So, earlier this month, I cast on Hippo Gnu Deer, a circular semi-pi shawl designed by Mmario, with some Filatura Di Crosa Centolavaggi Chine in a very nice Camel coloring. I believe I have mentioned Mmario before, I really like the shawls he designs, and he actually provides them for free via the yahoo group. Most of the finished (as in tested and proofed) patterns are also available on Ravelry, just do a search for Mmario on the patterns tab. He is quite prolific, and there are many, many patterns on the yahoo group. Most of which are untested, and have never been knit. Hippo Gnu Deer is one of those untested patterns.
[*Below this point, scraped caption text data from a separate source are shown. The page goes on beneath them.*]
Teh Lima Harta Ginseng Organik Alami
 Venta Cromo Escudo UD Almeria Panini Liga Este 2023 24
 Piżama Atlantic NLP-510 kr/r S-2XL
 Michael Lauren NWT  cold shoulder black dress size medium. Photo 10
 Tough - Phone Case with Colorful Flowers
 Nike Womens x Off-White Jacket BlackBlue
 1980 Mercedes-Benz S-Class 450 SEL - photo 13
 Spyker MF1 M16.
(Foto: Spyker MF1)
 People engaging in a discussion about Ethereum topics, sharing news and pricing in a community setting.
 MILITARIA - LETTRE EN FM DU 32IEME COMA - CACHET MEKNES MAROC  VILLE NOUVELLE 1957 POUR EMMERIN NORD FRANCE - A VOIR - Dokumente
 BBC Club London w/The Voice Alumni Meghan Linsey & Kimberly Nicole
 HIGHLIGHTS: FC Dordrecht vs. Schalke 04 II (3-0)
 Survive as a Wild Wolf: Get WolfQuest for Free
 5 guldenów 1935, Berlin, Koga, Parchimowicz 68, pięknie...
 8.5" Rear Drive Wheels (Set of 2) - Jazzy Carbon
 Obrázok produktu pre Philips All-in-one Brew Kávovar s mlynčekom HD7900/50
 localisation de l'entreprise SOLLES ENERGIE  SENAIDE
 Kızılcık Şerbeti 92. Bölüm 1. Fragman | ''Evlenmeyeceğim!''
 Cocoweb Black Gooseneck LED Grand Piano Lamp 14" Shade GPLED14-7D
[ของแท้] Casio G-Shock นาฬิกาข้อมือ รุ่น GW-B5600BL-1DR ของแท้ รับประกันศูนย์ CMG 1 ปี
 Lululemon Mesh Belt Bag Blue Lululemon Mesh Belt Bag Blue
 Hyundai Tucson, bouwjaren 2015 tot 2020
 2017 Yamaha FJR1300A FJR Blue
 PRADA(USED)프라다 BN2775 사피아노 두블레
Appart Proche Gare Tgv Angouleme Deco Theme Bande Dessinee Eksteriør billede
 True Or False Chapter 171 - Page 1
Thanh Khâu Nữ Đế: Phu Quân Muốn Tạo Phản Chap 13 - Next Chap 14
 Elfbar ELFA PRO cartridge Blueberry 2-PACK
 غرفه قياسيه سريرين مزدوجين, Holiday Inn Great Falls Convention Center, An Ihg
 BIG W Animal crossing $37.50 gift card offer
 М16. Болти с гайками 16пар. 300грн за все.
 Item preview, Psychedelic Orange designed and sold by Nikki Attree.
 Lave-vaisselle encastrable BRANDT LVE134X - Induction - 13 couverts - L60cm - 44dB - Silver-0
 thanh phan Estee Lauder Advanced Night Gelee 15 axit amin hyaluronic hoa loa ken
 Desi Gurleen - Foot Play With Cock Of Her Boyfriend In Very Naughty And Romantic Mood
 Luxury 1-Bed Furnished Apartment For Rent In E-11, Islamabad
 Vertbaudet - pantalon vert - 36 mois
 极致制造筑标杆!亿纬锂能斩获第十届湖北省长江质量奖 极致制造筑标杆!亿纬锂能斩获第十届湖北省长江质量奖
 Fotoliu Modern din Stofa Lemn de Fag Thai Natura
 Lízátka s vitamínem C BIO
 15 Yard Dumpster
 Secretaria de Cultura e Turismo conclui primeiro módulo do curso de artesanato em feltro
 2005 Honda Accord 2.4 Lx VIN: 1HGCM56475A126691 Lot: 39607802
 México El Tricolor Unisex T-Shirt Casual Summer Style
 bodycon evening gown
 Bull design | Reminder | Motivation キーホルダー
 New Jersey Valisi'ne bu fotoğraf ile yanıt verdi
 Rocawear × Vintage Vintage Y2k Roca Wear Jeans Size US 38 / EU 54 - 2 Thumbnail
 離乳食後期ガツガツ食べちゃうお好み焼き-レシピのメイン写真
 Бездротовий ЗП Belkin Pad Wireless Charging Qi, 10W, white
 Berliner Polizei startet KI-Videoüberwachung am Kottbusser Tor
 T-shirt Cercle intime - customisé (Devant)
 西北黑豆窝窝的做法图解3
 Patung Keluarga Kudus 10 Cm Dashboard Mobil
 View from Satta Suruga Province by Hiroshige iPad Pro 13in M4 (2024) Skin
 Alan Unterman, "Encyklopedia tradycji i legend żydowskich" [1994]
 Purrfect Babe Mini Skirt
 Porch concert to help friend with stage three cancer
The Centolavaggi Chine is not a fingering weight, as I see it. It comes in 100 gram skeins which measure 1531 yards. This would in my book be a lace weight. When I had knit to row 17, which is just over 10% of the total number of rows, it was barely measuring 5 inches across the entire piece. This would extrapolate to a 50 inch shawl, barely over 4 feet. Not what I had in mind. So I ripped it all out, and have put the Centolavaggi Chine away for another project. I love the feel of that yarn.

Instead, I ordered some Palette yarn, in a gorgeous silver color.

At 462 yards per 100 grams (though it comes in 50 gram balls) this would be more along the lines of what I call fingering. This finally arrived last weekend (I am nothing, if not impatient, it did not even take a week for me to receive it). It is 100% Peruvian Highland Wool, which feels quite soft in the skein. I find it a little less soft once knitted up, but I will see what happens after a nice soak, when I am finished. And I would still be quite thrilled to have a shawl feeling the way it feels knitted up right now. I decided to use the Palette, because I had been curious about the Peruvian Highland wool. I figured this would be a good project to try it out on.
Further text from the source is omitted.